Challenges and Future Directions
Despite the advancements achieved in the creation of ecologically benign refrigerants, there are still many issues to be resolved. This section examines the future requirements for research and development as well as the technical difficulties and constraints, economic factors, and industry acceptance. The use of eco-friendly refrigerants might come with technological difficulties and restrictions. Certain refrigerants could differ thermodynamically from conventional ones, necessitating system modification and optimisation. For a smooth transfer, it is essential to take into account compatibility with current equipment, including compressors, seals, and lubricants. Alternative refrigerants may differ from conventional ones in terms of performance qualities, including dependability, capacity, and efficiency. A constant problem is achieving equivalent or better performance while still achieving environmental goals. Additionally, certain eco-friendly refrigerants, like natural refrigerants, have unique operating requirements, such high pressures or low temperatures, which may restrict their suitability for use in particular systems or regions. Researchers, engineers, and manufacturers will need to work together continuously to innovate and overcome these technological obstacles.
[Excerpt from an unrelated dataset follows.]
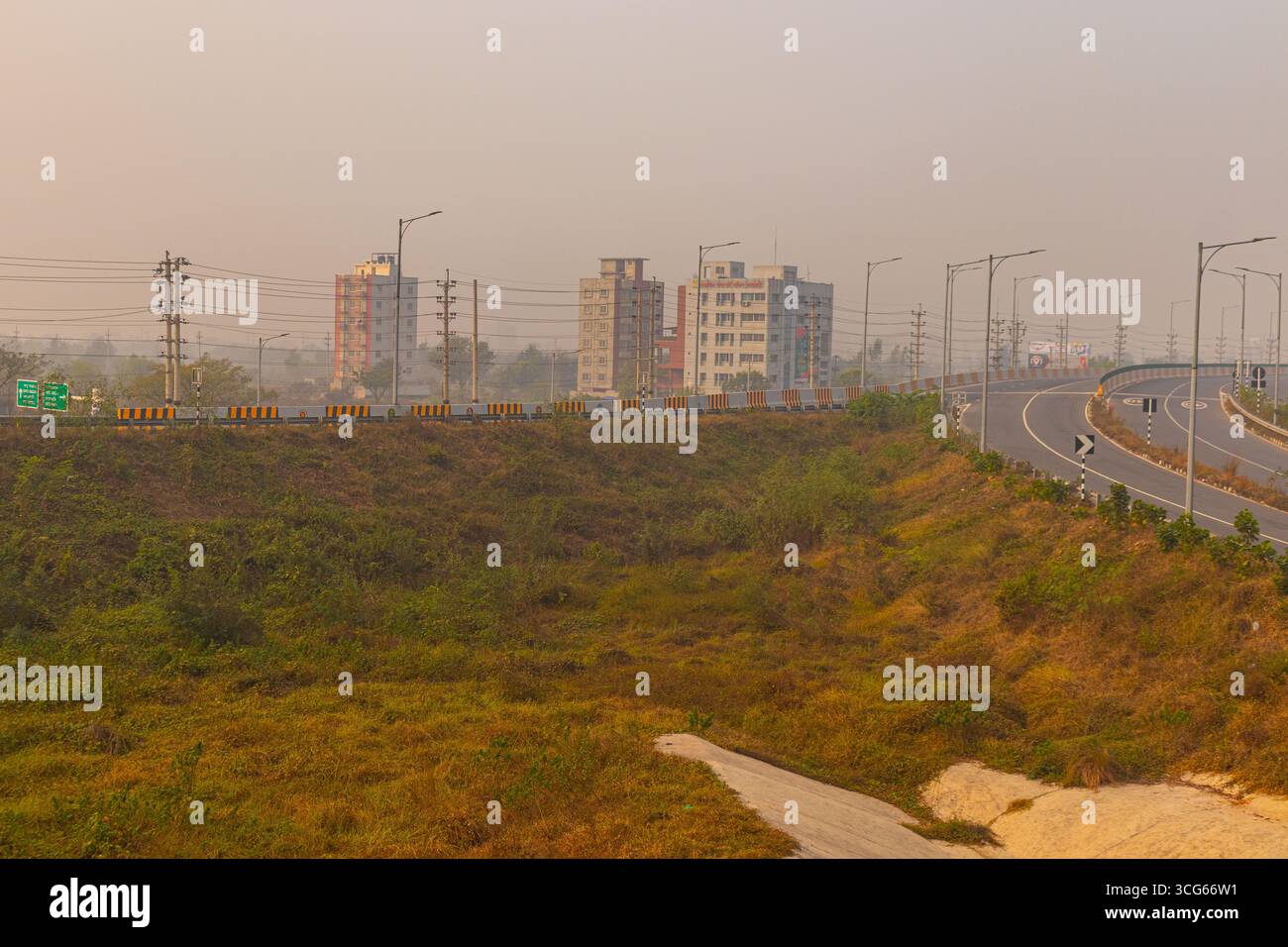 Cantiere in costruzione sulla Dhaka-Mawa Highway con vista libera della strada, asfalto senza traffico, barriere stradali e coni di sicurezza sotto il cielo blu. Infrastruttura Foto Stock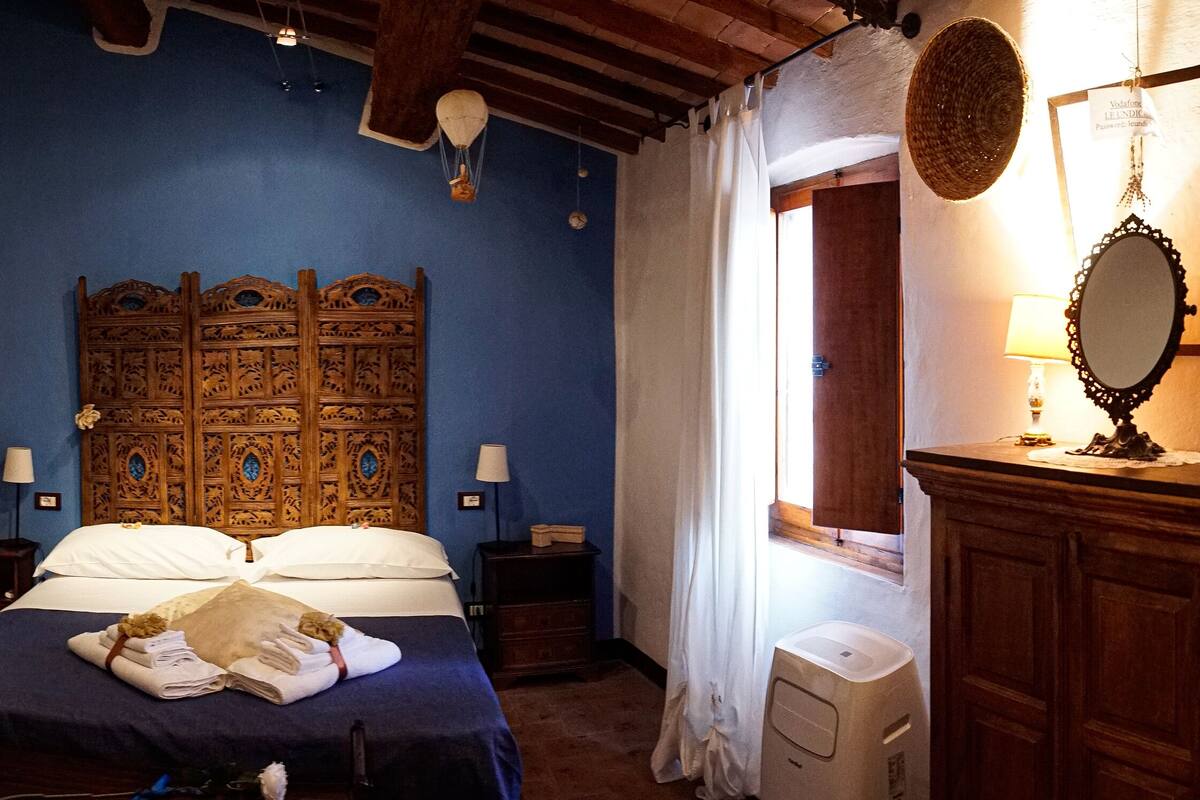 A bedroom with a wooden headboard, a bed with white linens, two bedside tables with lamps, a mirror on the dresser, and a window with curtains.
Economic factors drive the use of ecologically friendly refrigerants, but the expense of alternative refrigerants, equipment upgrades, and system retrofits can make it difficult for the industry to adopt them widely. To achieve economic viability, initial investment and long-term operational expenses must be thoroughly analysed, personnel and contractors may need additional training and certification, and accessibility and availability of alternative refrigerants and equipment can affect how widely they are used. Government incentives, legislation, and industry efforts may play a significant role in fostering the use of ecologically friendly refrigerants.
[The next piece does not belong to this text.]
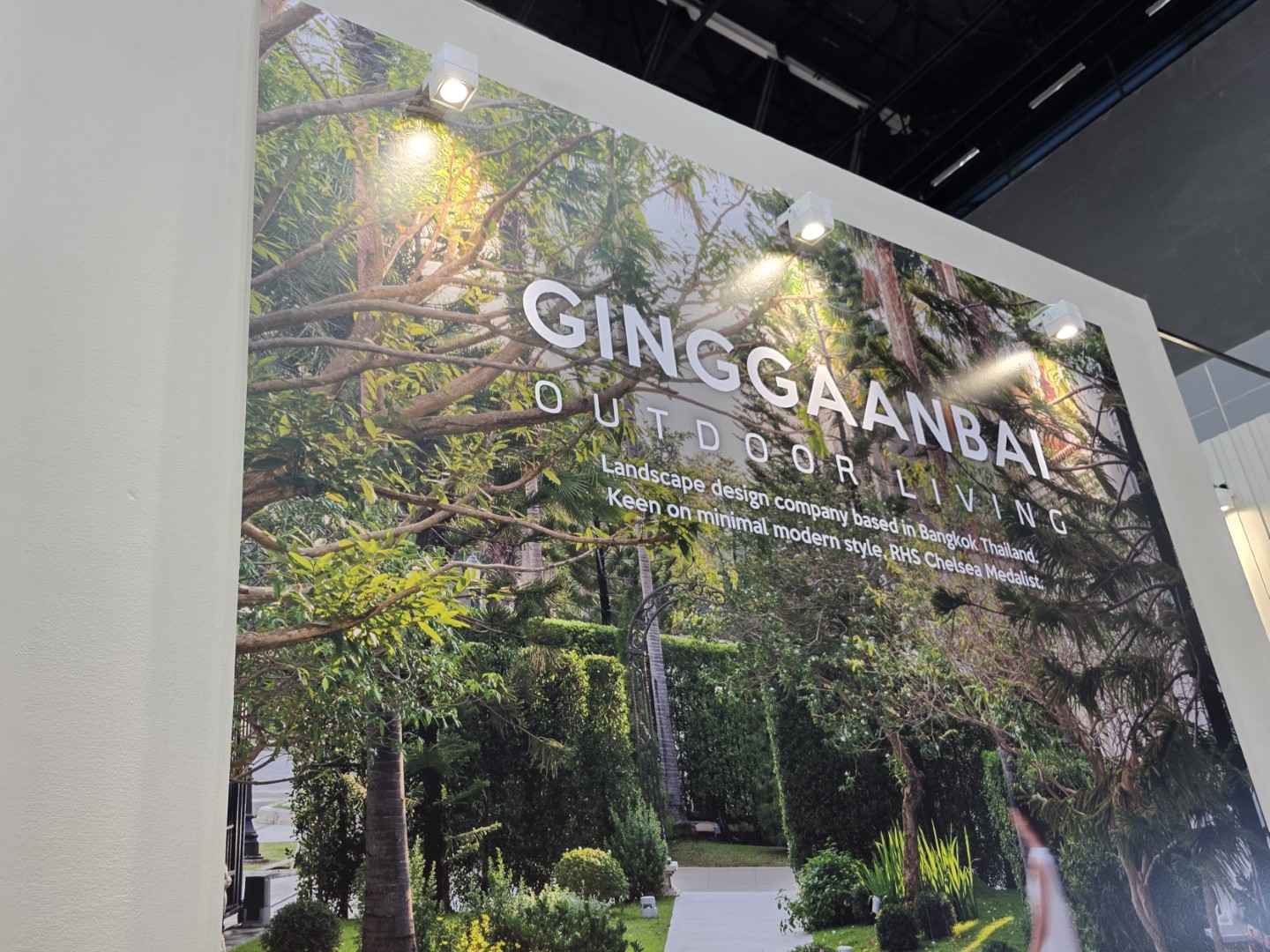 A promotional wall for GINGGAANBAI Outdoor Living, showcasing their lush landscape design with modern minimal style.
Research and development activities are necessary to advance the use of environmentally friendly refrigerants in the future. Areas that need more research include performance improvement, safety, materials compatibility, lifetime assessment, cost-cutting measures, and collaboration between academic, industrial, and governmental organisations. Performance improvement involves creating refrigerants with better thermodynamic properties, heat transfer characteristics, and system effectiveness. Safety involves conducting thorough evaluations of alternative refrigerants' flammability, toxicity, and long-term stability. Materials compatibility involves researching alternate refrigerants' compatibility with the materials used in refrigeration and air conditioning systems. Lifetime assessment involves carrying out thorough lifetime analyses of various refrigerants, encompassing manufacture, usage, and disposal phases. Cost-cutting measures involve investigating efficient production techniques and coming up with plans to bring down the price of equipment and refrigerants that are good for the environment.
Results
Based on the literature review, the results of the recent studies on environment friendly refrigerants are as follows:
Ammonia, carbon dioxide, hydrocarbons are natural refrigerants that possess a negligible ODP and exhibit significantly lower or zero GWP when compared to their synthetic refrigerants. These refrigerants are widely acknowledged as being highly environmentally benign, as they have the capacity to significantly mitigate greenhouse gas emissions within the air conditioning and refrigeration industry. Natural refrigerants are commonly employed as substitutes for synthetic refrigerants in a wide range of refrigeration and air conditioning applications.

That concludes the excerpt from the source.